Data cuisine – the representation and visualization of data through the means of cooking.
Going into this talk, heart-wrenching symbolism ran through my head of a cut of raw beef soaked in red wine jus to illustrate the richer, stronger more developed and flourishing worlds population, cowering over wilted, soft spinach sheltered in a corner of the plate to demonstrate the 80% of humanity that lives on less than $10 a day.
Unfortunately, Moritz Stefaner did not deliver.
For the aptly alliterated ‘Tweeting Taboulleh’ I spent most of the talk trying to work out why they had used couscous to represent the 13% of tweets from Kuwait, when couscous for example, originates from Italy and not Kuwait.
From savoury to sweet, the Zuckerberg pops, showing “how many people in Arab Spring countries use Facebook”. I had lots of questions at this point: What was the total sample size, why use sesame seeds that originate from India and did they actually ask 42% of the total Tunisian population if they even liked cake pops.

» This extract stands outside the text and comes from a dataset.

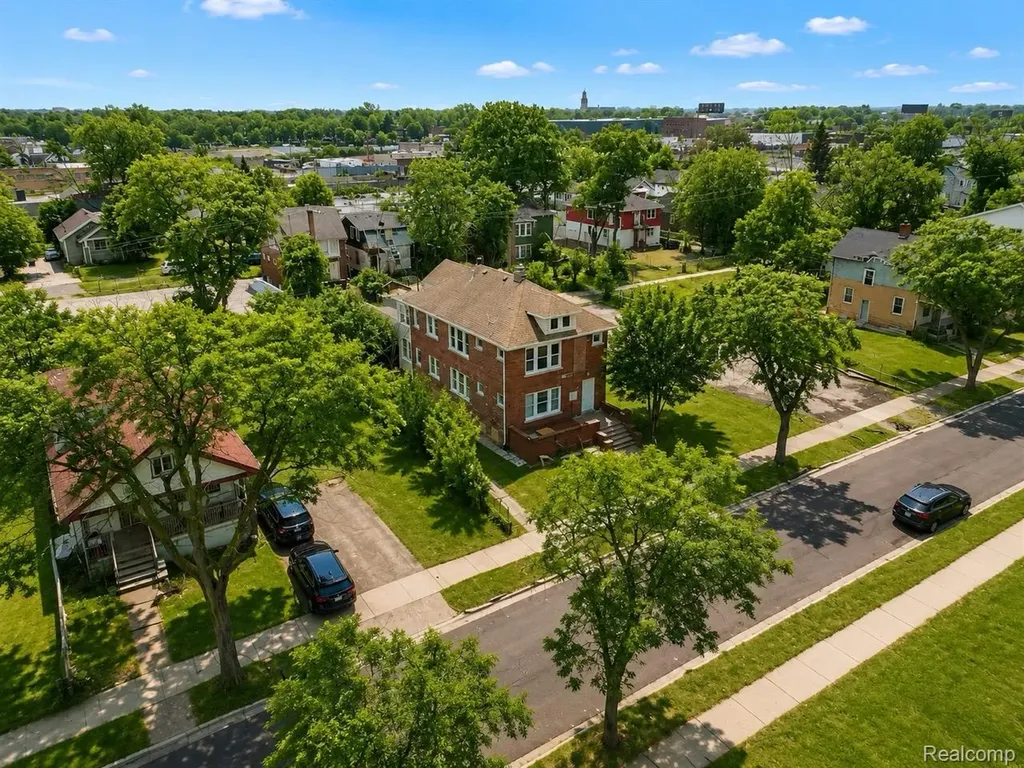 12186 Roselawn Street Detroit City MI 48204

However, despite my critique Fast Company did in fact write an article on Data Cuisine so perhaps the concept of data cuisine is more of a work in progress. The varying ways to vizualize data using colours, shapes, and form are all ones that we’re used to and ones that make sense– but food opens up new dimensions
such as smells, texture and ingredients into the mix.
I left the talk feeling like I wanted to understand what his point was, but was somewhat confused instead. For me, the concept was way too literal and one that needed more ‘food for thought’.